The Florist, indicating the
different kinds in the vases, where the lady has been
looking at them: “Well, there is nothing
lighder than the Matame Cousine, or the
Matame Watterville, here; they are sister rhoces” —
The Young Man: “Yes,
yes; very beautiful; but too dark.” He stops
before the Madame Hoste: “What a strange
flower! It is almost black! What
is it for? Funerals?”
The Florist: “No; a good
many people lige them. We don’t sell
them much for funerals; they are too cloomy.
They uce whidte ones for that: Marshal Niel,
dtea-rhoces, this Pridte here, and other whidte ones.”
The Young Man, with an accent
of repulsion: “Oh!” He goes toward
the window, and looks at a mass of Easter lilies in
a vase there. He speaks as if thinking aloud:
“If they had a little color — But they
would be dreadful with color! Why, you ought
to have something!” He continues musingly,
as he returns to the florist: “Haven’t
you got something very delicate, and slender, about
the color of pale apple blossoms? If you had
them light enough, some kind of azaleas” —
The Lady, involuntarily: “Ah!”
The Florist, after a moment,
in which he and the young man both glance at the lady,
and she makes a sound in her throat to show that she
is not thinking of them, and had not spoken in reference
to what they were saying: “The only azaleas
I haf are these pink ones, and those whidte ones.”
The Young Man: “And they
are too pink and too white. Isn’t there
anything tall, and very delicate? Something, well — something
like the old-fashioned blush-rose? But with very
long stems!”
The Florist: “No, there
is noding lige that which gomes in a crheenhouse
rhoce. We got a whidte rhoce here” — he
goes to his refrigerator, and brings back a long box
of roses — “that I didn’t think
of before.” He gives the lady an apologetic
glance. “You see there is chost the least
sdain of rhet on the etch of the leafs.”
The Young Man, examining the
petals of the roses: “Ah, that is very
curious. It is a caprice, though.”
The Florist: “Yes, it
is a kind of sbordt. That rhoce should be berfectly
whidte.”
The Young Man: “On the
whole, I don’t think it will do. I will
take some of those pure white ones. Bride, did
you call them?”
The Florist: “Yes, Pridte. How many?”
The Young Man: “Oh, a
dozen — two dozen; I don’t know!
I want very long, slender stems, and the flowers with
loose open petals; none of those stout, tough-looking
little buds. Here! This, and this, and all
these; no, I don’t want any of those at all.”
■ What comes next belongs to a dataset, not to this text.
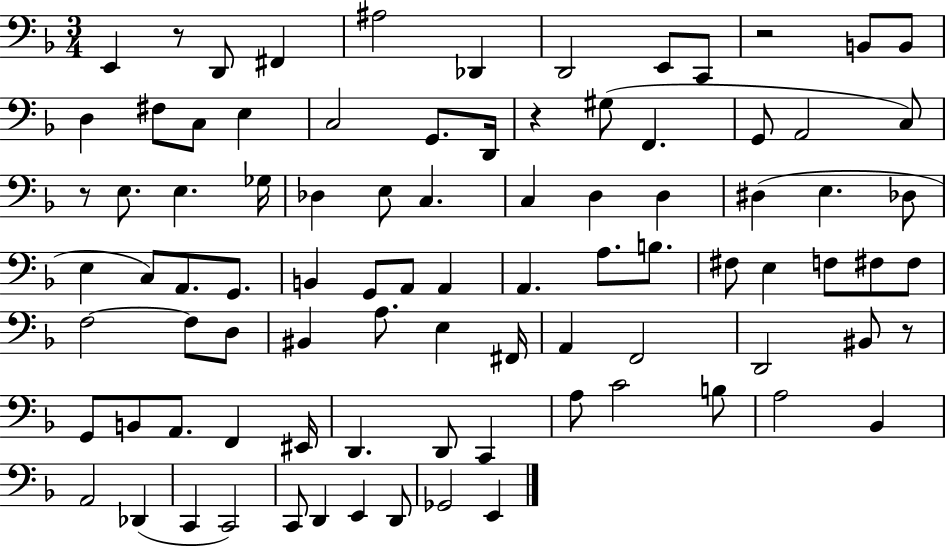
E2/q R/e D2/e F#2/q A#3/h Db2/q D2/h E2/e C2/e R/h B2/e B2/e D3/q F#3/e C3/e E3/q C3/h G2/e. D2/s R/q G#3/e F2/q. G2/e A2/h C3/e R/e E3/e. E3/q. Gb3/s Db3/q E3/e C3/q. C3/q D3/q D3/q D#3/q E3/q. Db3/e E3/q C3/e A2/e. G2/e. B2/q G2/e A2/e A2/q A2/q. A3/e. B3/e. F#3/e E3/q F3/e F#3/e F#3/e F3/h F3/e D3/e BIS2/q A3/e. E3/q F#2/s A2/q F2/h D2/h BIS2/e R/e G2/e B2/e A2/e. F2/q EIS2/s D2/q. D2/e C2/q A3/e C4/h B3/e A3/h Bb2/q A2/h Db2/q C2/q C2/h C2/e D2/q E2/q D2/e Gb2/h E2/q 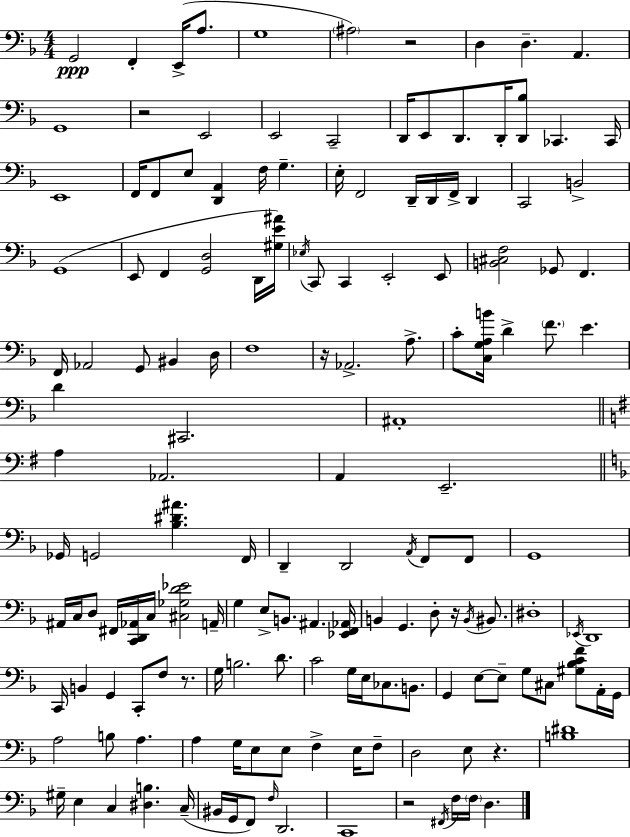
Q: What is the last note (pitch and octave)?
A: D3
He selects the different stems of roses, and while
the florist gets a box, and prepares it with a lining
of cotton and tissue-paper, he leans over and writes
on a card. He pauses and puts up his pencil;
then he takes it out again and covers the card with
writing. He gives it to the florist. “I
wish that to go into the box where it will be found
the first thing.” He turns away, and encounters
the lady’s eyes as she chances to look toward
him. “I beg your pardon! But” —
The Lady, smiling, and extending
her hand: “I felt almost sure it
was you! But I couldn’t believe my senses.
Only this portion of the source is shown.